Prognostic Impact of Hyponatremia and Hypernatremia in COVID-19 Pneumonia. A HOPE-COVID-19 (Health Outcome Predictive Evaluation for COVID-19) Registry Analysis

Affiliations

Prognostic Impact of Hyponatremia and Hypernatremia in COVID-19 Pneumonia. A HOPE-COVID-19 (Health Outcome Predictive Evaluation for COVID-19) Registry Analysis

Jorge Gabriel Ruiz-Sánchez et al. Front Endocrinol (Lausanne). .

Abstract

Dysnatremia is associated with increased mortality in patients with community-acquired pneumonia. SARS-COV2 (Severe-acute-respiratory syndrome caused by Coronavirus-type 2) pneumonia can be fatal. The aim of this study was to ascertain whether admittance dysnatremia is associated with mortality, sepsis, or intensive therapy (IT) in patients hospitalized with SARS-COV2 pneumonia. This is a retrospective study of the HOPE-COVID-19 registry, with data collected from January 1th through April 31th, 2020. We selected all hospitalized adult patients with RT-PCR-confirmed SARS-COV2 pneumonia and a registered admission serum sodium level (SNa). Patients were classified as hyponatremic (SNa <135 mmol/L), eunatremic (SNa 135-145 mmol/L), or hypernatremic (SNa >145 mmol/L). Multivariable analyses were performed to elucidate independent relationships of admission hyponatremia and hypernatremia, with mortality, sepsis, or IT during hospitalization. Four thousand six hundred sixty-four patients were analyzed, median age 66 (52-77), 58% males. Death occurred in 988 (21.2%) patients, sepsis was diagnosed in 551 (12%) and IT in 838 (18.4%). Hyponatremia was present in 957/4,664 (20.5%) patients, and hypernatremia in 174/4,664 (3.7%).
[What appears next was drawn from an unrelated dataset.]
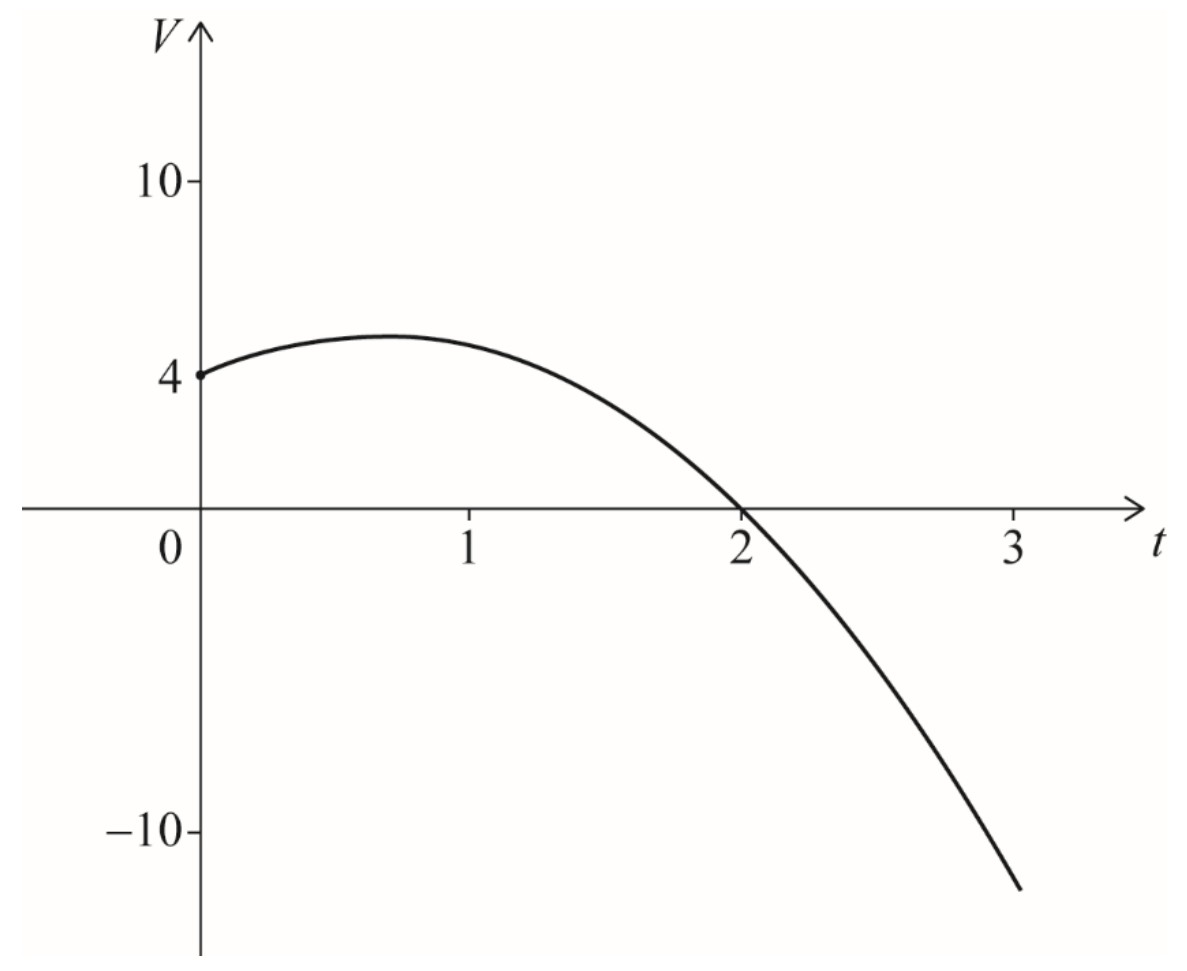 Figure for Answer to Question IB Maths AA HL Sl 2 6 Quadratic Functions Questions question 1 — IB Maths AA HL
Both hyponatremia and hypernatremia were associated with mortality and sepsis. Only hyponatremia was associated with IT. In conclusion, hyponatremia and hypernatremia at admission are factors independently associated with mortality and sepsis in patients hospitalized with SARS-COV2 pneumonia.

Clinical trial registration: https://clinicaltrials.gov/ct2/show/NCT04334291, NCT04334291.

Keywords: COVID-19; SARS-COV2; hypernatremia; hyponatremia; mortality; sepsis.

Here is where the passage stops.